● **Work to complete**:
Write out exactly the lines running from the one with "Dark map of" to the last line of the entries, keeping both the first and the last.

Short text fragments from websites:

◆ ◆ ◆

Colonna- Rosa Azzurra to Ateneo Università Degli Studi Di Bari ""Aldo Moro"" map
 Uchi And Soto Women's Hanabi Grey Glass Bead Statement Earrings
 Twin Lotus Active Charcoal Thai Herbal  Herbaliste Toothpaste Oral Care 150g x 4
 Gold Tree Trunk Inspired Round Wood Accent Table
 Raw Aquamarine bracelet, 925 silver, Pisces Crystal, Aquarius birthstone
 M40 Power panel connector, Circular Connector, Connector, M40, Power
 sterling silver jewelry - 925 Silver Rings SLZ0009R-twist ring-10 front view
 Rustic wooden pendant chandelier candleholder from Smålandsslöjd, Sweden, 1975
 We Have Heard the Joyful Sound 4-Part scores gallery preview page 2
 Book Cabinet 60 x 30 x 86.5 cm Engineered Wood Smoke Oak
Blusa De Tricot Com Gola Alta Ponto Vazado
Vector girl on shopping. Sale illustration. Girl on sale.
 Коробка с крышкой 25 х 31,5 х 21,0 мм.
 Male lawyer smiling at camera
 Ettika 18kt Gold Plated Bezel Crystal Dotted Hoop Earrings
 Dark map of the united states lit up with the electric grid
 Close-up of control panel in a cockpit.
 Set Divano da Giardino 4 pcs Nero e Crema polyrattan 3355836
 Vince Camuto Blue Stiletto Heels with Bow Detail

◆ ◆ ◆

● **Response to this exercise**:
 Dark map of the united states lit up with the electric grid
 Close-up of control panel in a cockpit.
 Set Divano da Giardino 4 pcs Nero e Crema polyrattan 3355836
 Vince Camuto Blue Stiletto Heels with Bow Detail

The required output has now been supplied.